== Supplied material ==
- Opening Delimiter -

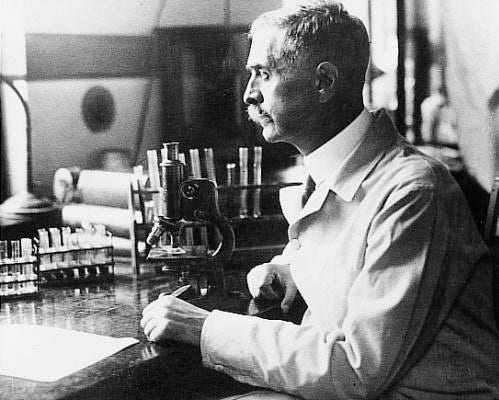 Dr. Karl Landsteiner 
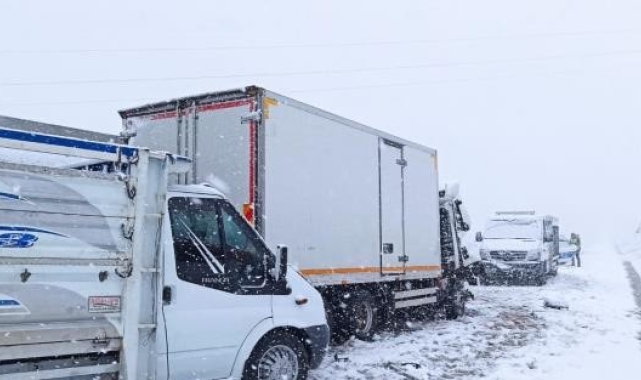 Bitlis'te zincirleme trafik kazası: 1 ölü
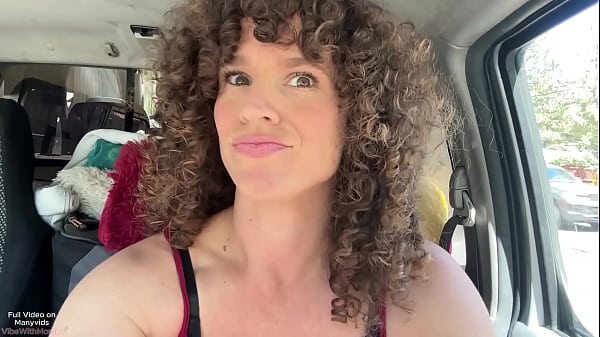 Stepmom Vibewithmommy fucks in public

- Closing Delimiter -
- Opening Delimiter -

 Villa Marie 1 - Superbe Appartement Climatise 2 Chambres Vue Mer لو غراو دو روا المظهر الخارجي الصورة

- Closing Delimiter -
- Opening Delimiter -

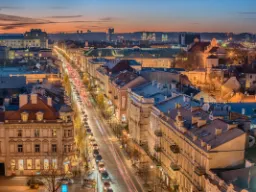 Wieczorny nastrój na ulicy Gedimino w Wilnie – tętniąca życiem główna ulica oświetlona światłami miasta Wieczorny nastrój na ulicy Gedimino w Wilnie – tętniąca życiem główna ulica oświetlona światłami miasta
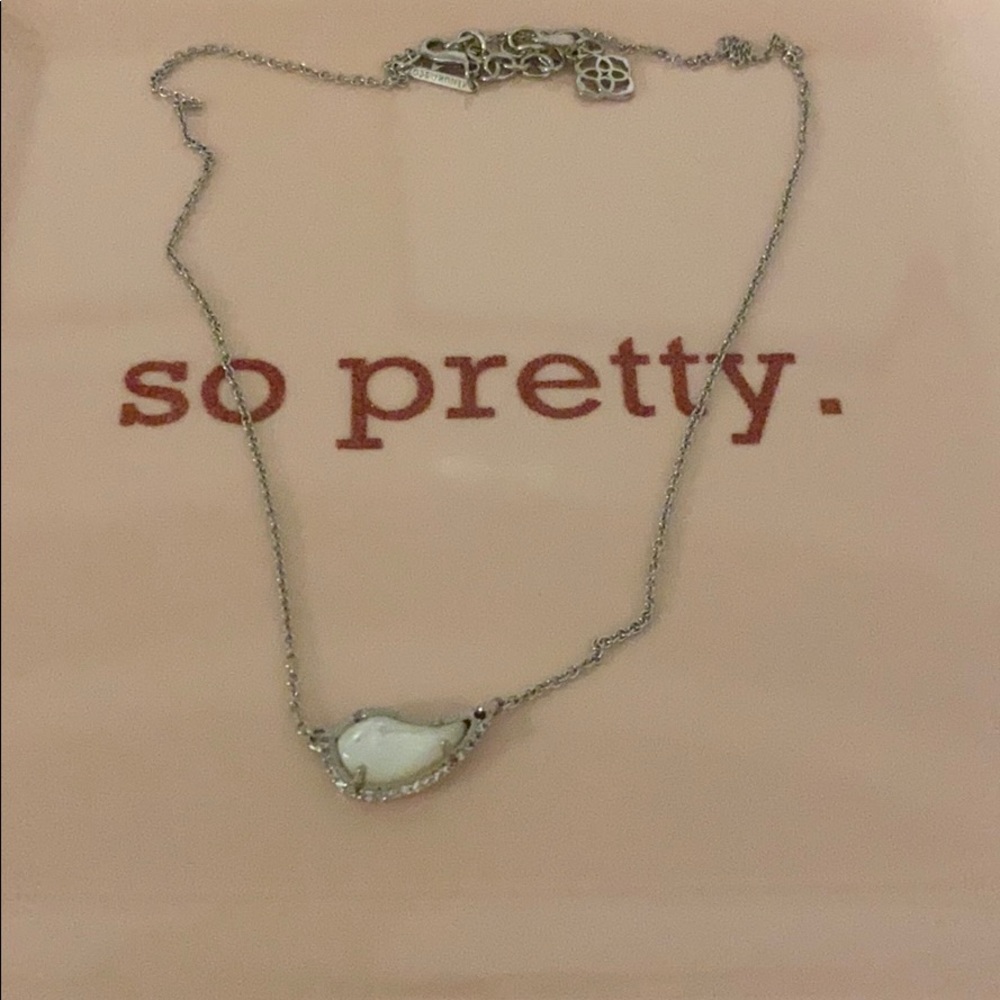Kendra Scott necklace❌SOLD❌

- Closing Delimiter -

== Task to carry out ==
Please transcribe exactly the part of the records that opens with the line containing "Dr. Karl Landsteiner" and closes with the line containing "Stepmom Vibewithmommy fucks in public", both ends included, and leave out the pictures.

== Solved exercise ==
 Dr. Karl Landsteiner 
 Bitlis'te zincirleme trafik kazası: 1 ölü
 Stepmom Vibewithmommy fucks in public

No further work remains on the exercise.